* [About this task]: Once the line holding "4 Quail Run" is found, output it and all remaining lines of the data exactly, with every picture left out.

─── Data to examine ───

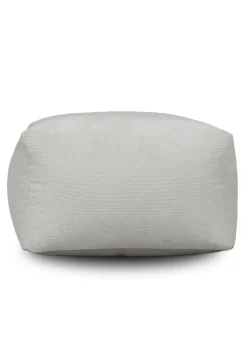 Kaikoo Grey Cord Square Slab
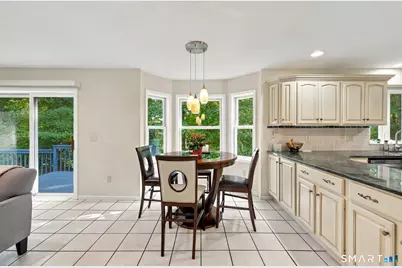 4 Quail Run Drive, Danbury, CT 06811 - Photo 11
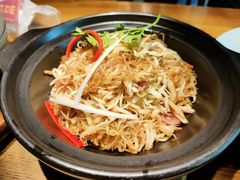 -大鸽饭(岗顶店)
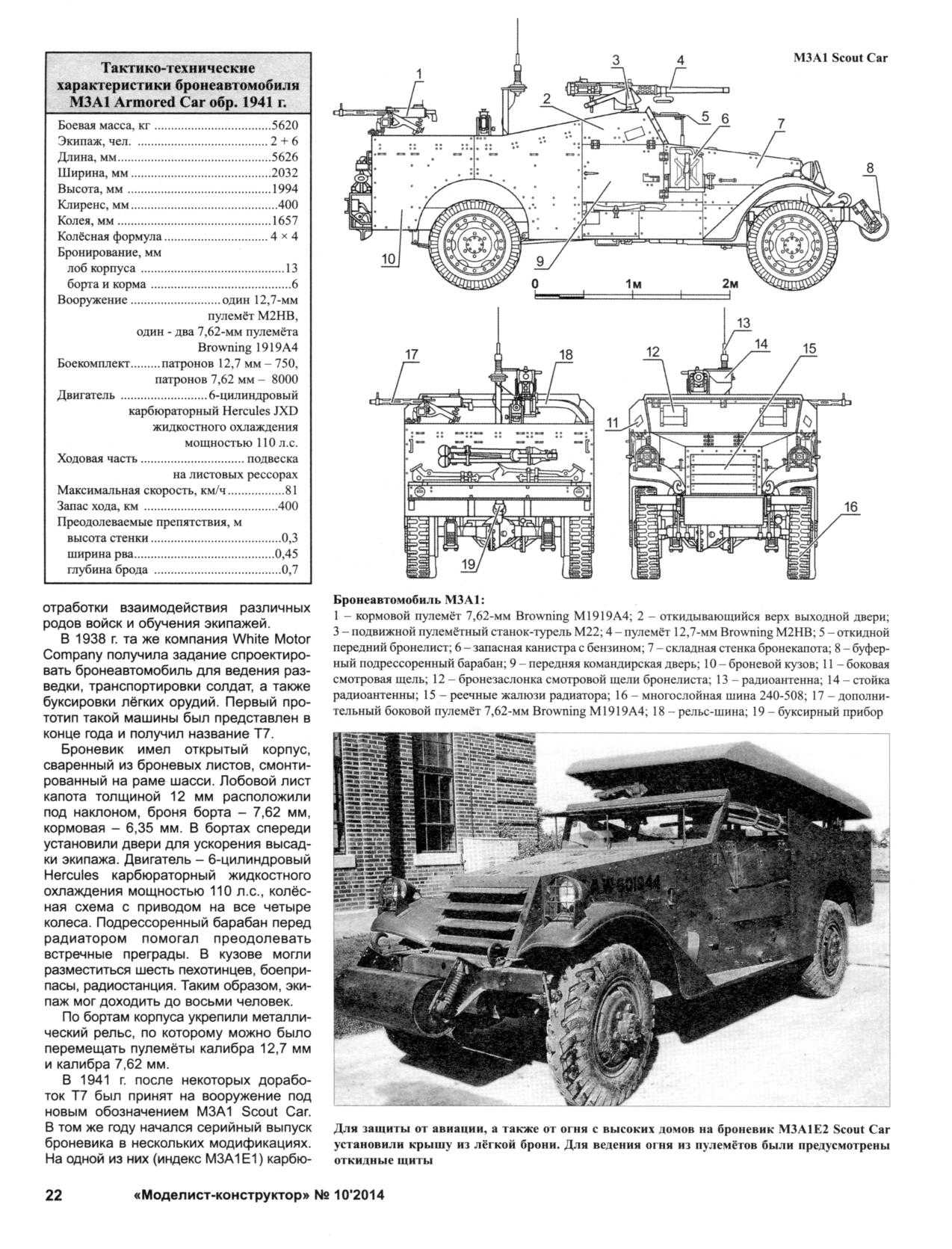 МК 10, 2014, 22 c.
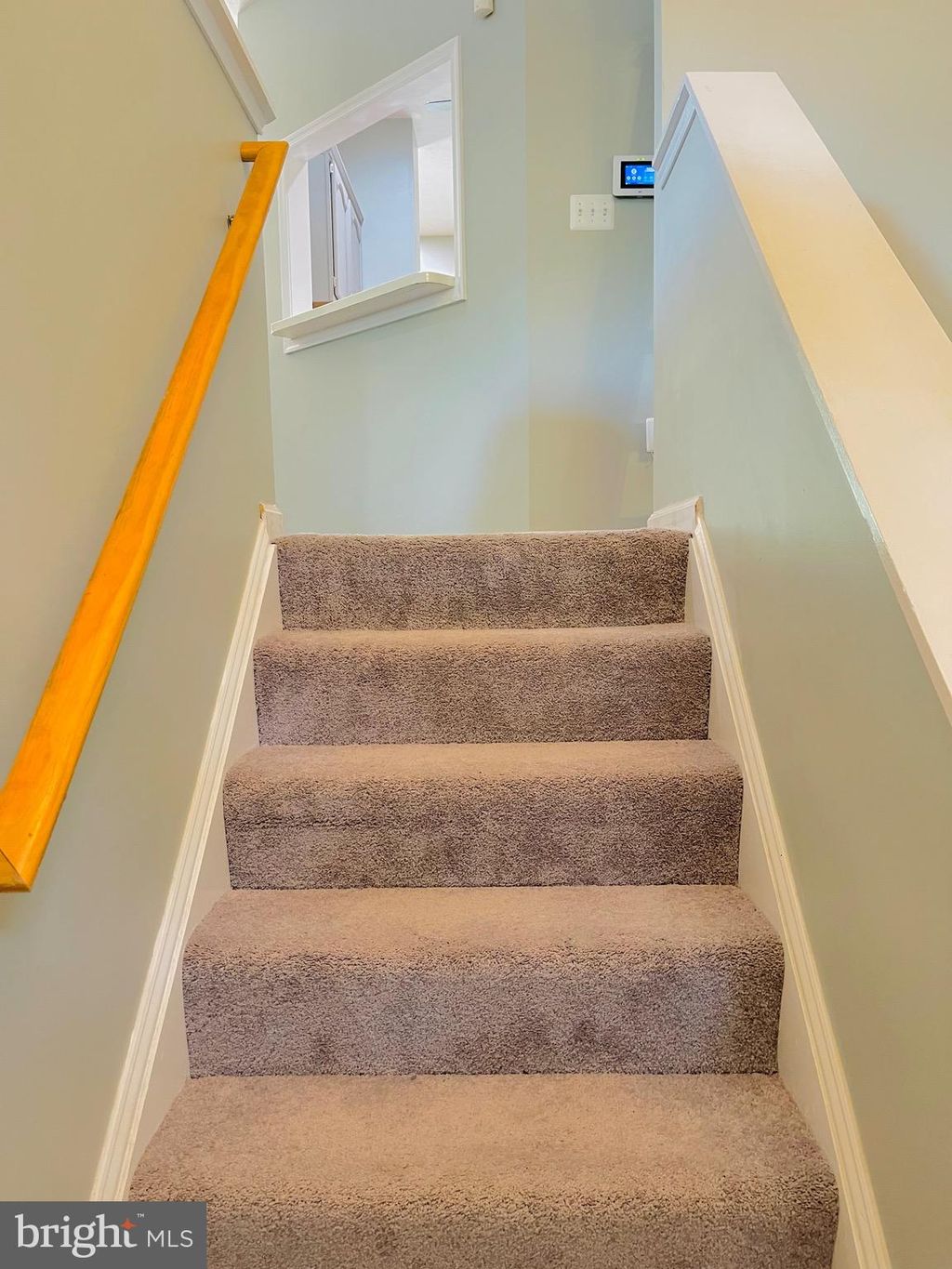 Photo of 275 Greenwood Road, WINCHESTER, VA 22602 (MLS # VAFV2037364)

───

* [Response to the task]:
 4 Quail Run Drive, Danbury, CT 06811 - Photo 11
 -大鸽饭(岗顶店)
 МК 10, 2014, 22 c.
 Photo of 275 Greenwood Road, WINCHESTER, VA 22602 (MLS # VAFV2037364)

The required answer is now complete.